Golin was early to call mental wellbeing into focus, and the on-ground application of this has been in many ways. We have no doubt that our people can work efficiently and effectively from anywhere, but are cognizant that people actually miss the office environment – as much as for the camaraderie and routine as for delivery of work. We communicate on a team call daily to sustain face-time.
A challenge that the region faces is the glorification of workaholism, and during this time, more and more people have seen the blurring of work time and personal time. It is important to ensure a healthy balance. What is critical to retain is the sense of togetherness and empower people with channels for collaboration and the tools to function effectively. This is a shared experience and I am sure that we will come out of this wiser.
6. Can you share any examples of organisations delivering positive community-led or social campaigns over the past couple of months?
Covid-19 has definitely brought the very altruistic and meaningful selves of so many organizations. All acts of giving should be appreciated and it would be unfair to value them based on quantity or magnitude. Many small organizations exerted themselves in supporting vulnerable groups. Big organizations from the region developed outstanding programs. We are fortunate to have experienced breakthrough initiatives and campaigns that have supported our communities.
7. In what ways (if any) will this crisis impact the way communications professionals work in the long-term?
The focus will shift back squarely to the message, rather than the medium. This has implications for our work with media and content creators, as much as our client interactions and business development activity.

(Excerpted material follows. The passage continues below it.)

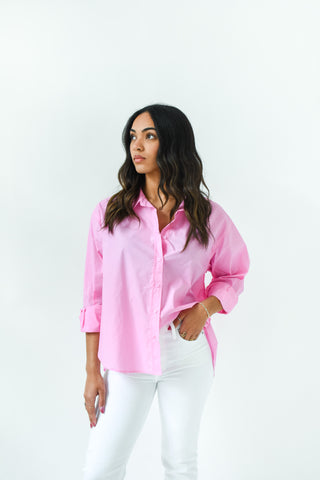 Simply Solid Poplin Button Up Top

As the message becomes the central focus of a campaign, the marker of impact shifts from the heft of the coverage report to the assurance that we are reaching the right audience and inspiring the right action. While it is easy to say that this is still some way away for our region, the fact is that the industry itself has been slow to lead this change. The experience of 2020 thus far could well be the tipping point for more planned, targeted, and relevant communications. This is actually an opportunity for a refreshed regional communications industry.
8. If you could share any advice with yourself before this crisis began, what would it be?
Invest in an office chair for home! Our team recently shared their thoughts on what they missed most about the office, it was the simple things like the office chair that people missed. To take a line from our blog, it is always the human response to a situation that makes all the difference.
The message for the pre-COVID me, the younger me, and the world in general is the same: This too shall pass.